Monday, September 22, 2008

Meltdown - Regulations

Many writers have blamed the current financial crisis on too little regulation of the market. In particular, they have blamed the 1999 repeal of the Glass-Steagall Act that was enacted in 1933 in the midst of another financial meltdown. That Act created, among other things, a wall between investment and commercial banking. It is claimed that the Act's repeal allowed for the creation of “mega-banks” which, we are led to believe, precipitated the current crisis.

However, what we have seen thus far is the failure of two government-sponsored mortgage institutions (Fannie Mae and Freddie Mac), an insurance company (AIG), and two investment houses (Bear Stearns and Lehman Bros.) - none of which would have fallen under the Glass-Steagall regulations. In fact, those companies that have both investment and commercial banking operations are so far weathering the current storm.

Megan McArdle has some thoughts on Glass-Steagall as well.

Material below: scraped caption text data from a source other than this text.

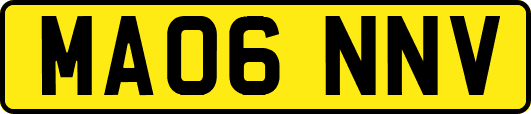 MA06NNV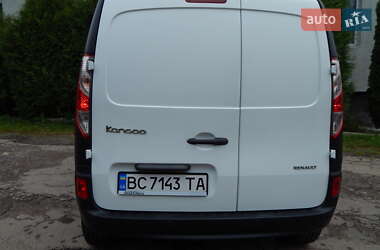 Грузовой фургон Renault Kangoo 2017 в 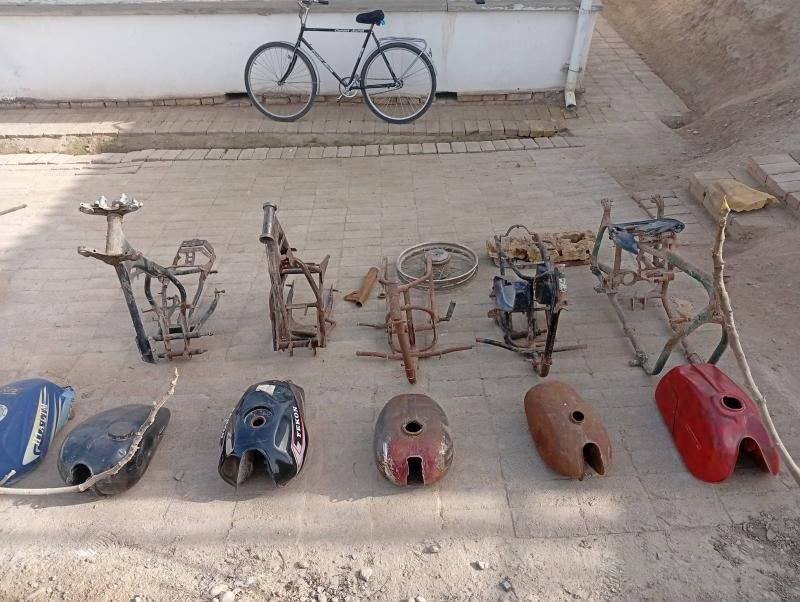 Fekon rama bak 5 000 TMT - Керки - img 1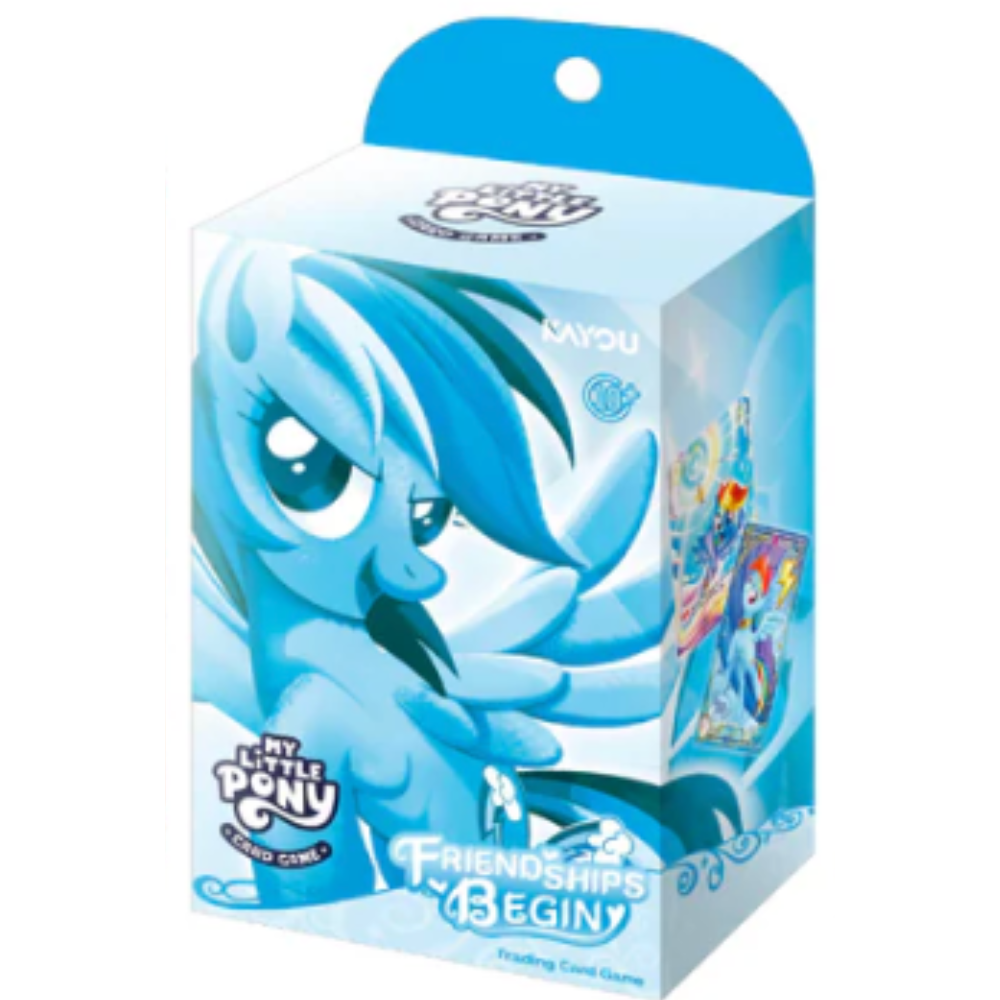 My Little Pony TCG – Friendships Begin Starter Deck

Tyler Cowen also examines the idea that there was too little regulation. In fact, he says, the regulation was just ineffective.
[F]inancial regulation has produced a lot of laws and a lot of spending but poor priorities and little success in using the most important laws to head off a disaster. The pattern is reminiscent of how legislators often seem more interested in building new highways — which are highly visible projects — than in maintaining old ones.
He also sends a warning about rushing into creating new regulations:
[I]f you hear a call for more regulation, without a clear explanation of why regulation failed in the past, beware. The odds are that we’ll get additional regulation but with even less accountability and even less focus on solving our very real economic problems.